----- Supplied material

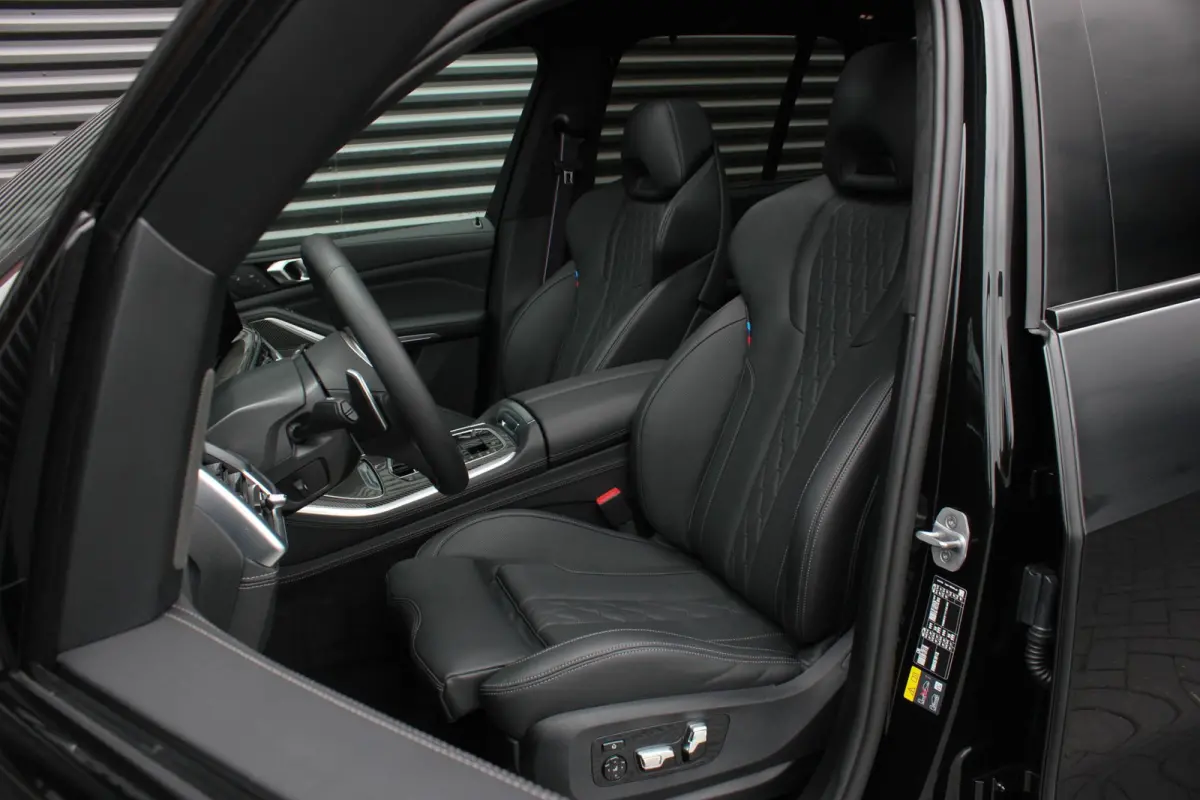 XDrive50e High Executive / HEAD-UP / PANO-DAK / 4-WHEEL STRURING / LUCHTVERING / DRIVING ASSISANT / SOFTCLOSE / M-SEATS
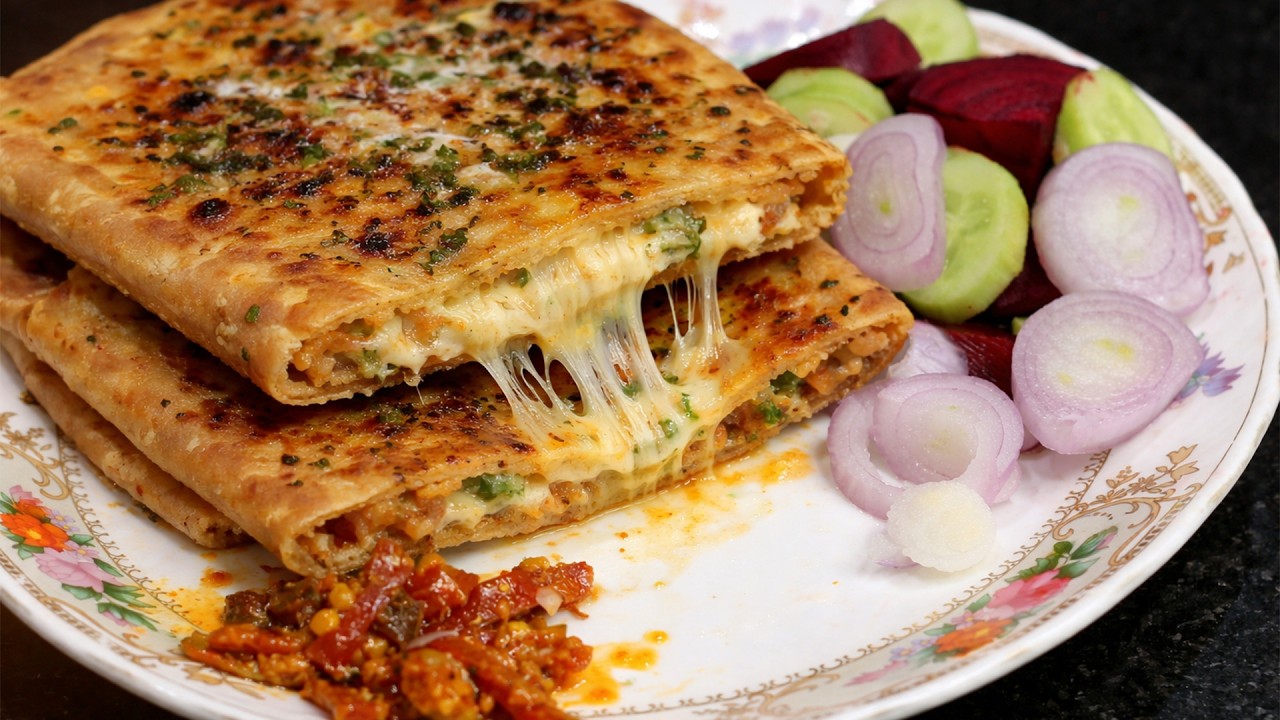 “Ghar Par Bana Itna Cheesy Paratha… Bachche Shock Ho Gaye! 😲🧀”साधारण पराठा नहीं!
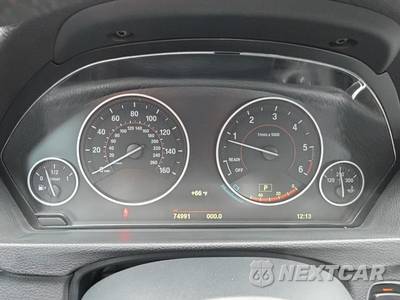 2018 BMW 3 Series Sedan 328d xDrive - zdjęcie 13 z 30 - miniatura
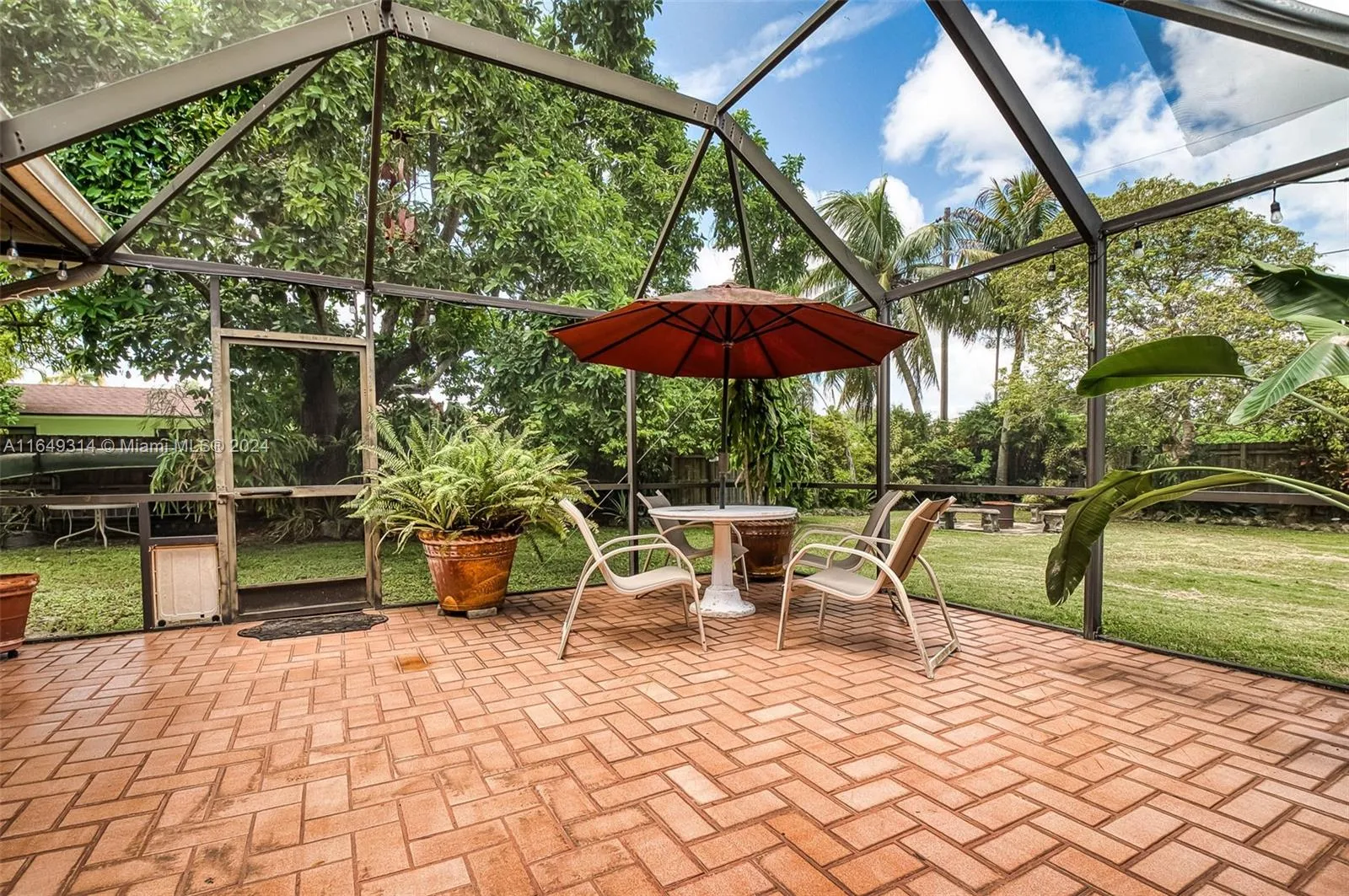 Palmetto Bay, Florida 33158, United States, 3 Bedrooms Bedrooms, ,2 BathroomsBathrooms,Residential,Pending,46342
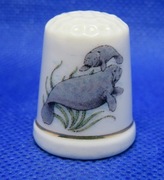 Naparstek Kolekcjonerski Porcelanowy Ssaki Morskie Manaty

----------

▸ **Assignment**: Copy only this from above: the line containing "Par Bana Itna", the line containing "Palmetto Bay, Florida", and all lines between, printed exactly. Leave out the pictures.

▸ **Result for this task**:
 “Ghar Par Bana Itna Cheesy Paratha… Bachche Shock Ho Gaye! 😲🧀”साधारण पराठा नहीं!
 2018 BMW 3 Series Sedan 328d xDrive - zdjęcie 13 z 30 - miniatura
 Palmetto Bay, Florida 33158, United States, 3 Bedrooms Bedrooms, ,2 BathroomsBathrooms,Residential,Pending,46342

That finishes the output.